October 5, 1961
MURIEL SPARK’S 1961 novel The Prime of Miss Jean Brodie struck a chord when it was written, and continues to do so today.
A large part of this is down to Jean being a superb sketch of a certain type of Scottish woman.
There are several deeper subtexts to the book, and its portrayal of Scotland – and it is significantly different to the story told in the (brilliant in its own right) film that came out eight years later.
The book, with its divide between political ideals, Spanish Republicans and Nationalists and, by extension, home-grown religious differences, contains sharp comment on Scottish life in the 1930s.
But Jean, with her snobbery, twin-set and high ideals, could be seen on Edinburgh’s streets as well as those of most other towns.
She is a tweed-wearing icon.

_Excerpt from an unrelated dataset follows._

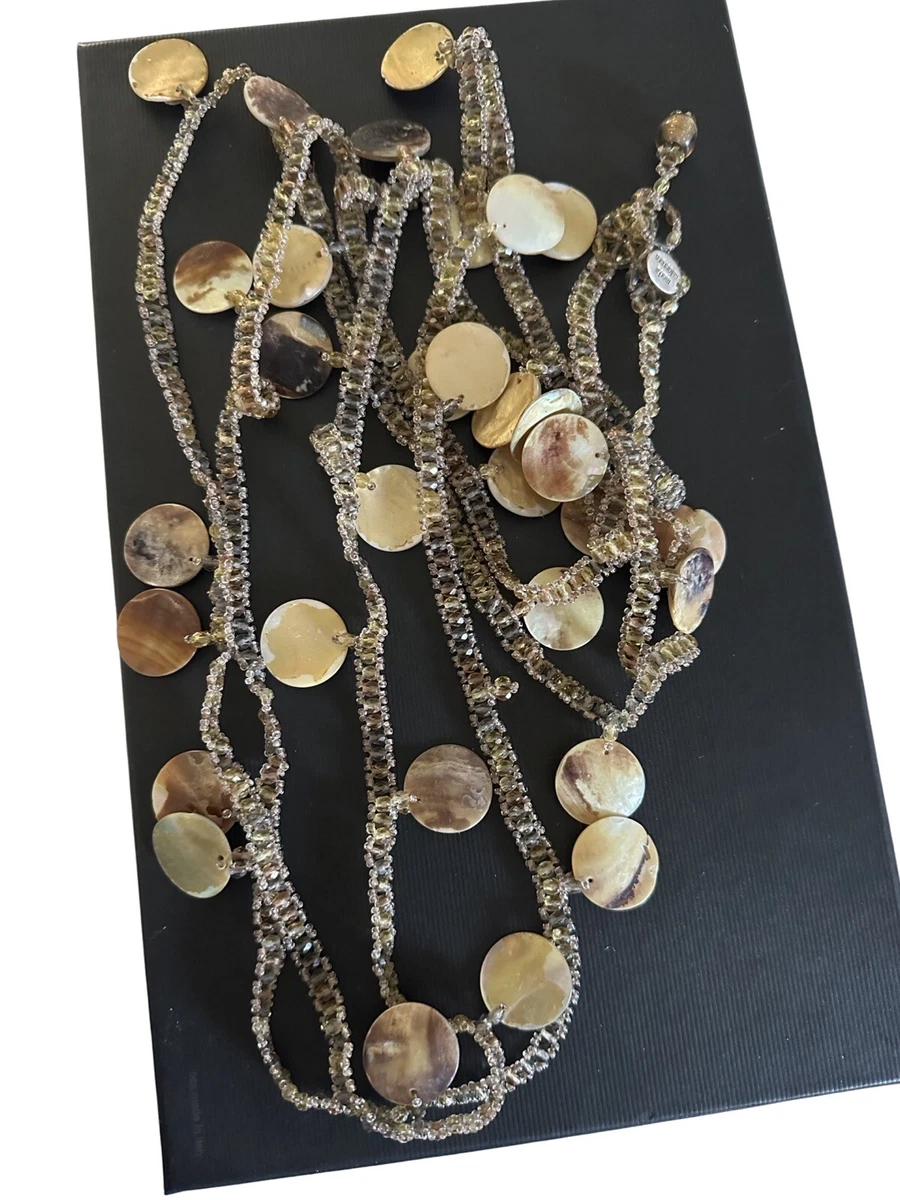 MARIA CALDERARA Double BEADED SHELL Necklace Like New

As sure of herself as she is confident that God thoroughly approves of her every thought and act. If he didn’t, she’d soon put him right.

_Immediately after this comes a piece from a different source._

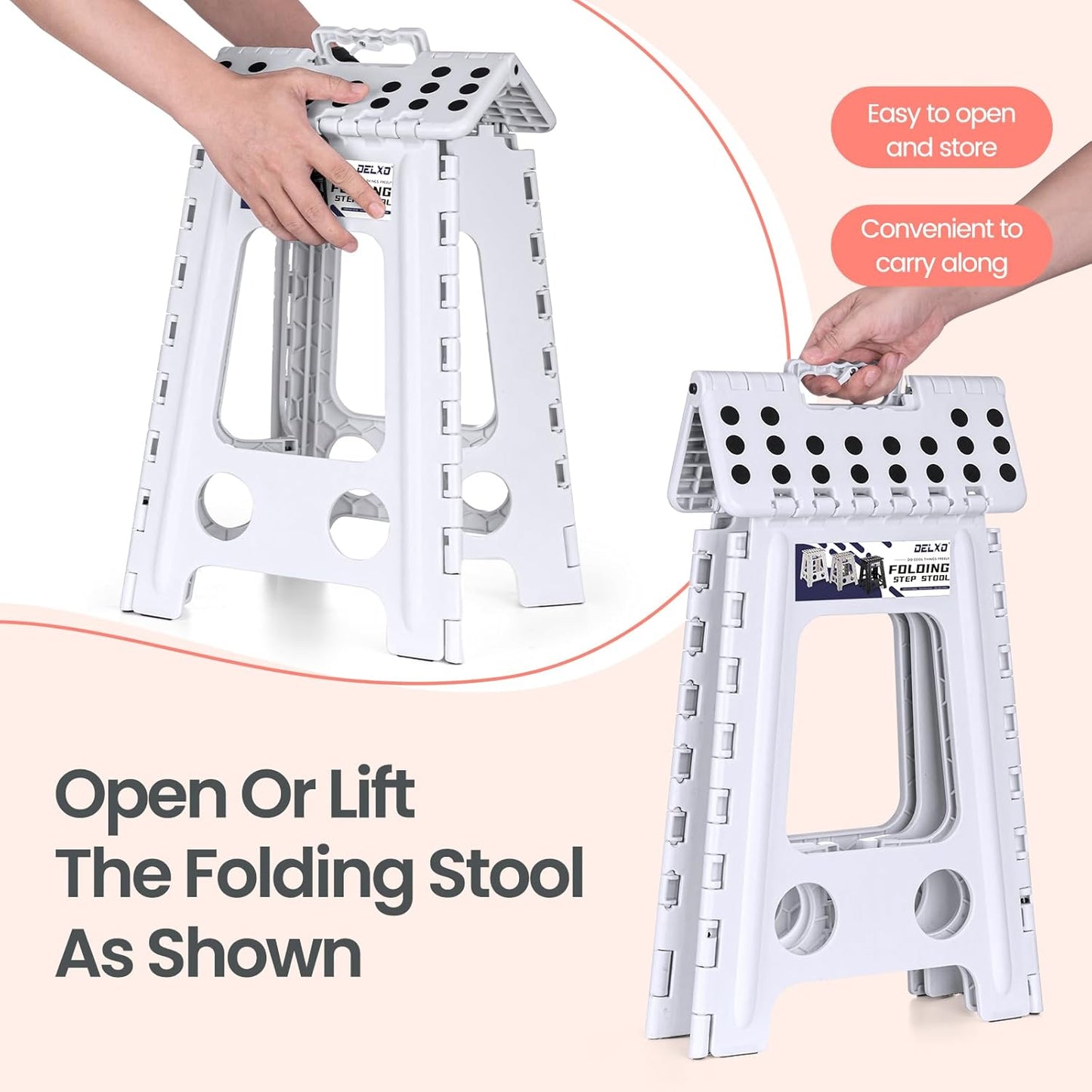 Delxo Folding Step Stool 17.5 Inch White Step Stools Foldable,Portable Collapsible Step Stool with Handle, Folding Stool for Kitchen Bathroom,Bedroom,Garden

These women were schoolmistresses, doyennes of the WRI and Kirk elders. They wielded absolute power in their fiefdoms. This was done with scrupulous politeness, sensible shoes and a stare to freeze the blood.
Spark gave Miss Brodie flaws that amount to making her really quite evil, which probably couldn’t be said of real Miss Jean Brodies.
But no man would cross a Miss Brodie-type lightly.